Crise des producteurs de lait: "On racle les fonds de tiroirs mais il n'y a plus rien"

Les producteurs de lait de l'Ouest manifestent cette semaine devant le siège de Lactalis à Laval. - Loïc Venance - AFP
Les agriculteurs laitiers ont décidé de faire entendre leur colère. Ils se retrouvent ce lundi à Laval au siège de Lactalis, le numéro un mondial des produits laitiers. Les producteurs de Bretagne, Normandie et Pays de la Loire vont se mobiliser plusieurs jours et se relayer devant le siège de l'industriel. A Viré-en-Champagne dans la Sarthe, Etienne et Didier comptent bien participer au rassemblement.

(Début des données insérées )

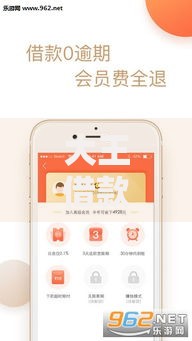 大王借款类似的口子有哪些？全面解析正规低息借贷平台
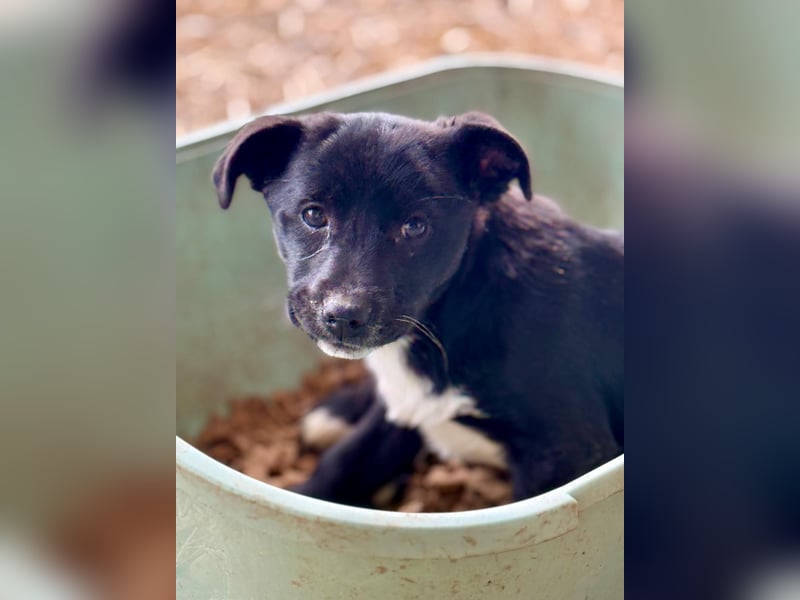 DARCY - Lebensfrohe Hündin wartet auf ihren Start ins Leben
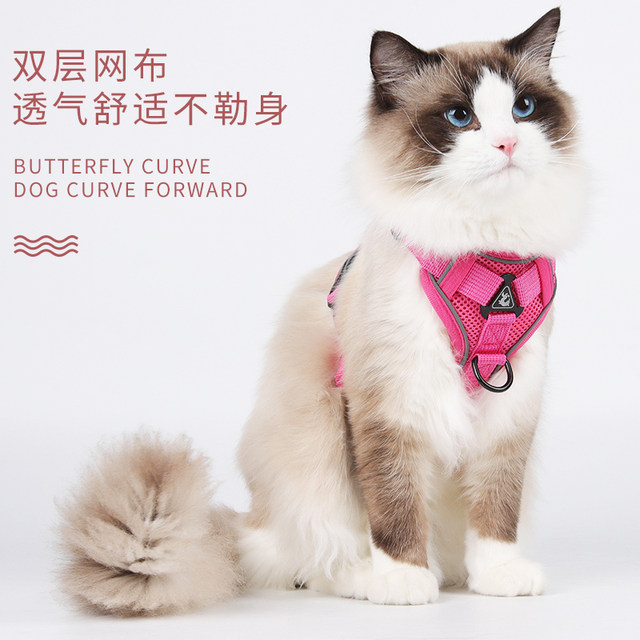 Cat traction rope to prevent break-away Ragdoll cat harness blue cat ...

"On n'a plus rien à perdre. On est plus que motivés parce qu'on se lève le matin pour perdre de l'argent. Il y en a marre de bosser pour rien", déplorent-ils.
Même constat pour Alexandre, producteur de lait à Requeil dans la Sarthe. A bout, il a lui aussi l'impression de travailler pour rien.
"J'en ai marre, je suis fatigué. Je travaille juste pour rembourser mes prêts. J'ai une femme qui travaille et qui nourrit ses deux gamins et son mari. Moi j'arrive juste à me prélever 500 euros par mois. J'ai 40 ans et j'ai pris de gros risques, j'ai investi lourdement, 400.000 euros en l'espace de 10 ans", explique cet agriculteur.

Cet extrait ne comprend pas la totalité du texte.